Beefy Boxes and Bandwidth Generously Provided by pair Networks
good chemistry is complicated,
and a little bit messy -LW

Password generator using a linguistic rule base

by ginseng (Pilgrim)
on Aug 01, 2001 at 01:58 UTC ( #101324=CUFP: print w/ replies, xml ) Need Help??

We all know the right way to select a password, right? Mix upper and lower case, pick random letters, mix in some numbers and punctuation, and try to remember the final result for longer than 30 seconds. If you assign passwords like this to users, it's a matter of minutes before the religious radio station emails you with a request that his/her password be changed to "Jesus".

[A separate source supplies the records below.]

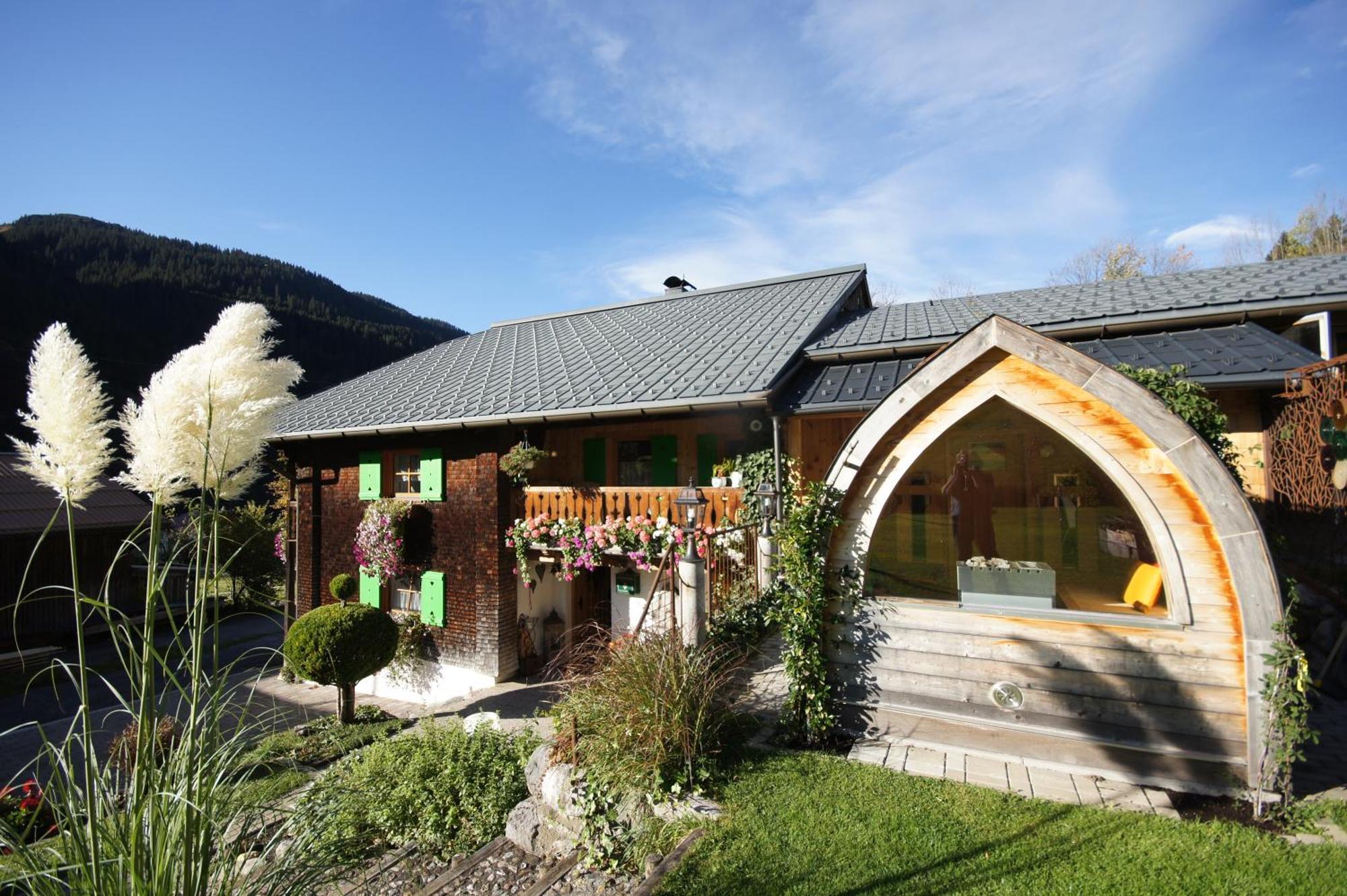 Haus Aelpele Apartment Klosterle am Arlberg Luaran gambar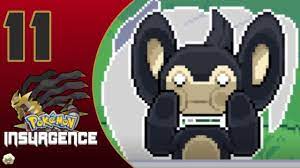 Pokemon Insurgence Nuzlocke: Part 11 - Garden Pest - YouTube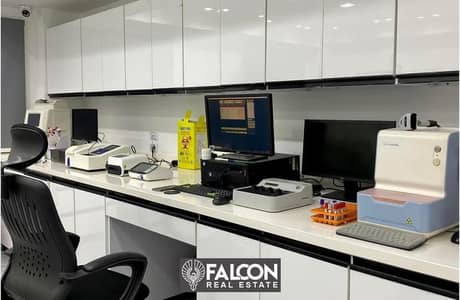 For sale, a 174-meter analysis laboratory for sale in the Jo Heliopolis Compound, New Cairo, in installments over 4 years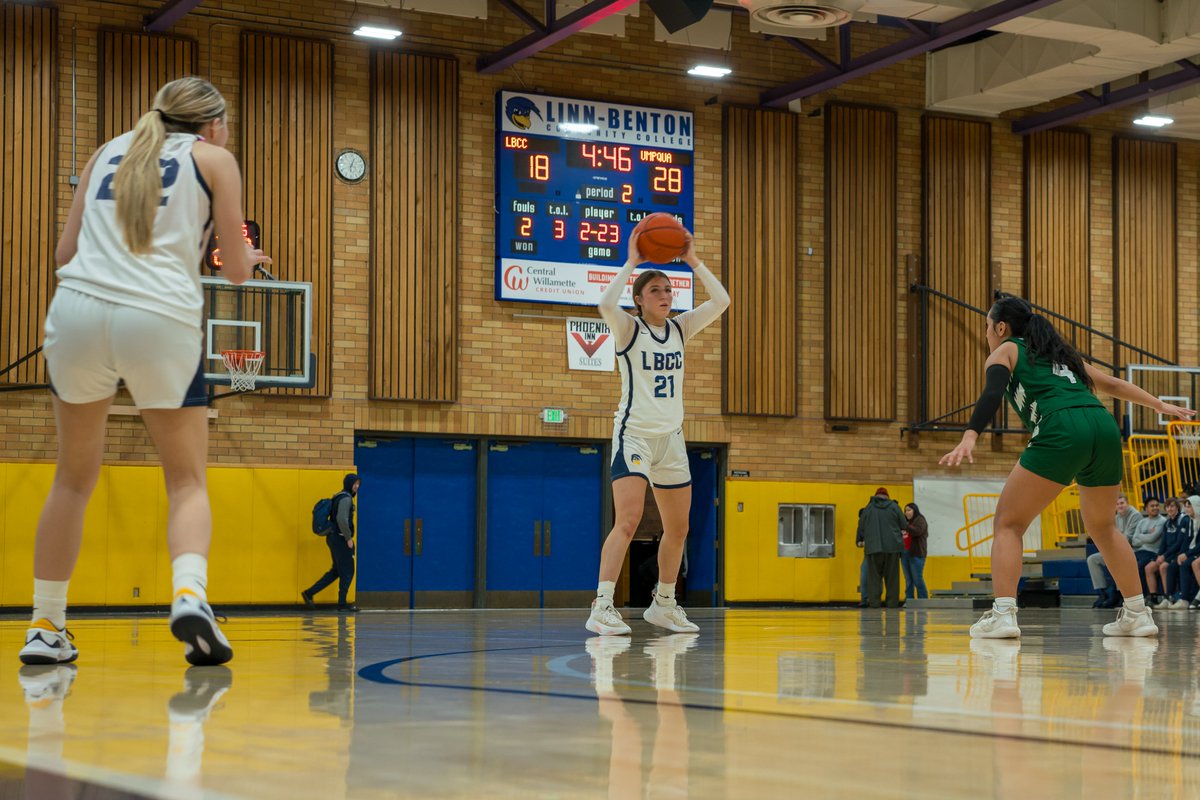 [Women's Basketball] Beaks Top Oregon Club 60-50 athletics.linnbenton.edu/x/rjh53 <a href="/LBCCWBX/">LBCC WBX</a>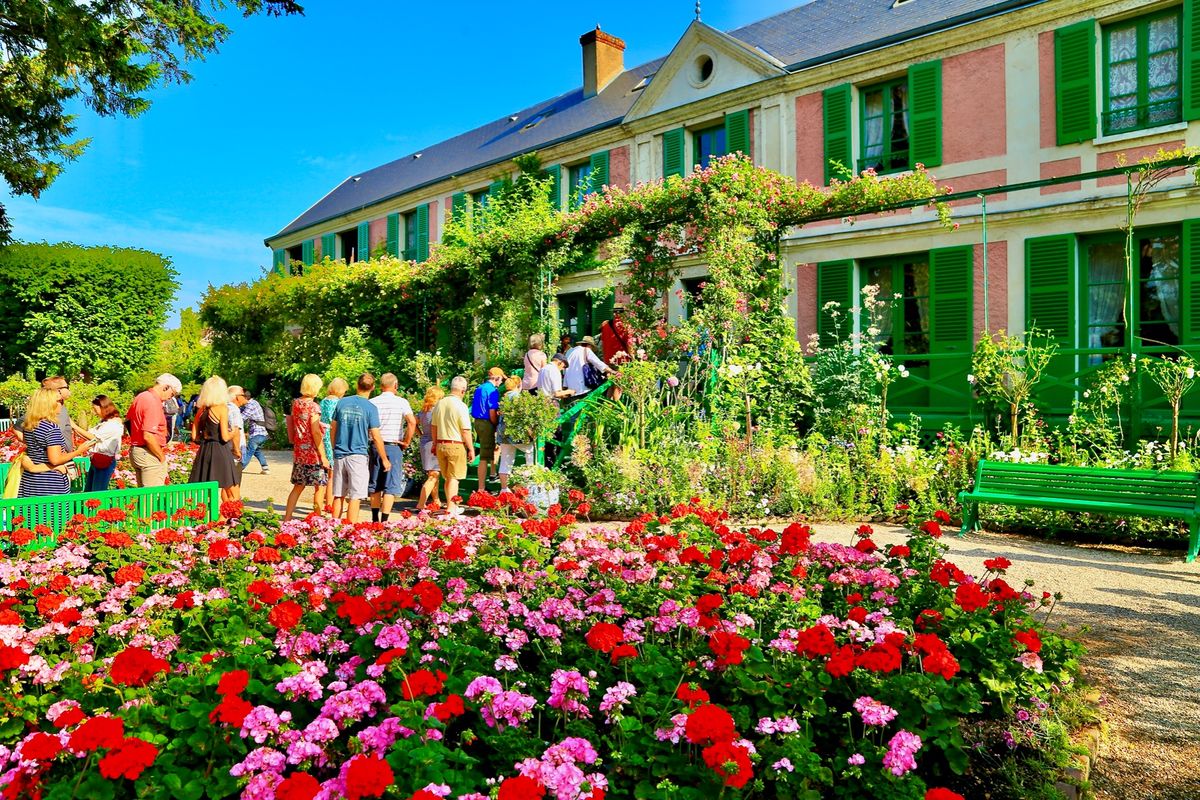 ジベルニー「モネの家」
とてもお庭が美しく手入れが行き届いてました！
来れ...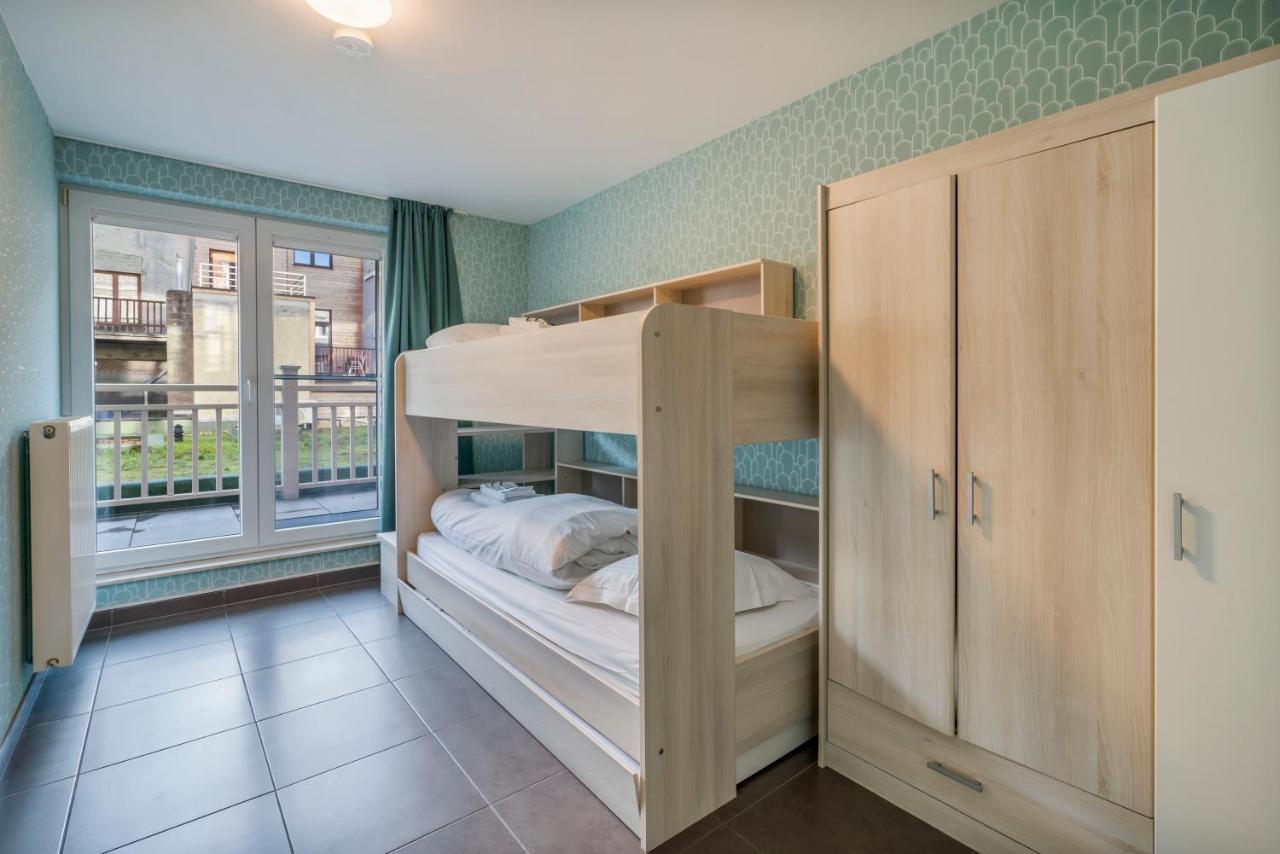 Modern App 6P Met Topligging - Aan Strand & Haven Blankenberge Kültér fotó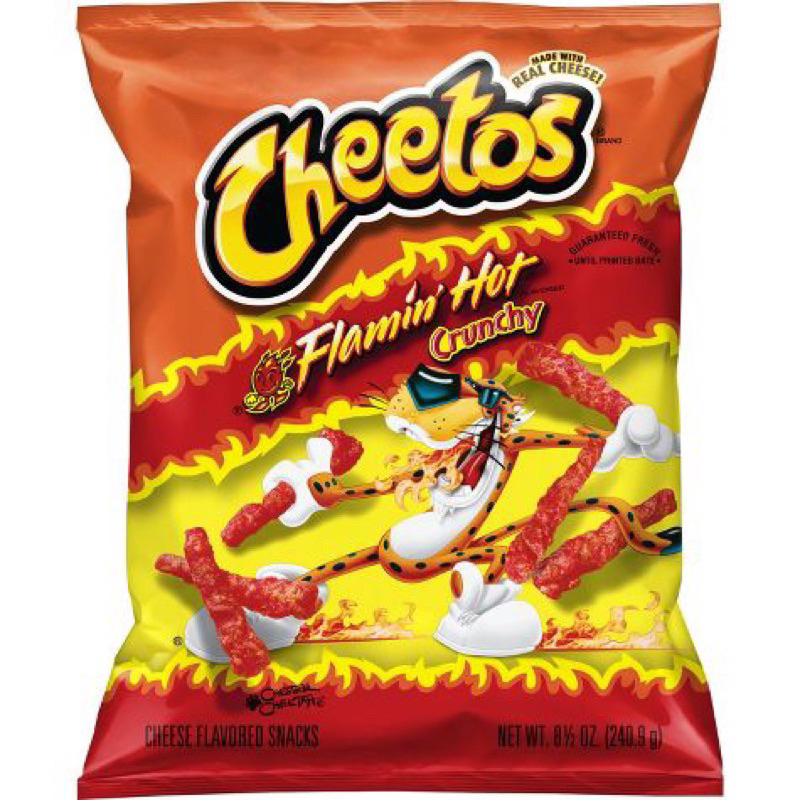 【現貨】美國限定Cheetos奇多  flamin hot 240g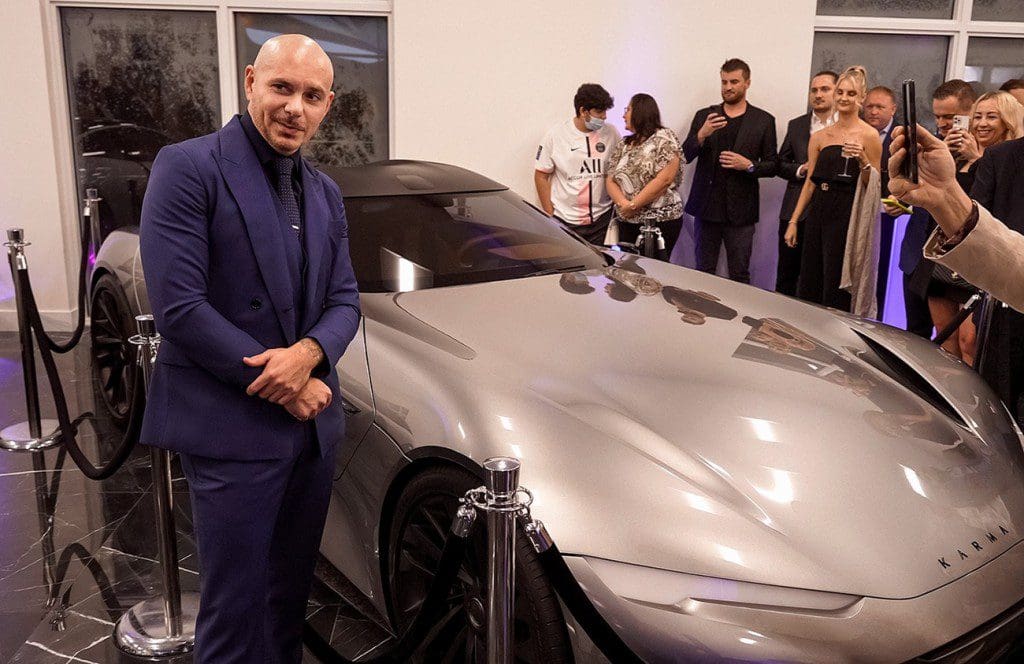 Pitbull and Barrett-Jackson to Auction a 2022 Karma GS-6 "305 Edition" in Scottsdale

So I tried to grok the problem and come up with a solution. Why not use random passwords that are actually based on real language? I mean, people are used to being able to pronounce things, more or less, and certain patterns are more comfortable to remember. It's like phone numbers. String 8562621937 together, and it's tough to remember. Format it as 856-262-1937 and most people can recall it without too much trouble. (The area code is South Jersey, but I don't know whose number that is...I wouldn't suggest you dial it ;)

The algorithm I proposed to some security-minded friends is as follows:

  • Parse a dictionary file (say, /usr/share/dict/words) into consonant-vowel patterns, and weigh each pattern by the number of times it appears in the dictionary.
  • Throw away the less frequently used combinations, and any combinations too short or too long to be used as a password.
  • While we're at it with the dictionary file, find out how frequently each letter is used, too.
  • Randomly select a pattern from the dictionary parse.
  • Randomly replace consonant-placeholders with consonants, and vowel placeholders with vowels. However, weight the selection of each letter based on the frequency with which it appeared in the dictionary.
  • Randomly pick a position to capitalize. Do so, but only if using the capital letter won't confuse things. (i.e. no capital 'O's and zeroes in the same password.)
  • Tack on a couple of numbers or punctuation marks.
They decided it was secure enough...not as good as random, much better than most. (I haven't calculated the number of possible outputs from this program. It's a lot.)

No, it's not as secure as randomly picking all characters in any order. But it is a lot easier to remember the result, since you can usually pronounce it. Often it sounds like a real word. (Sometimes this is a problem...users probably don't want a password that has "feces" in it ;)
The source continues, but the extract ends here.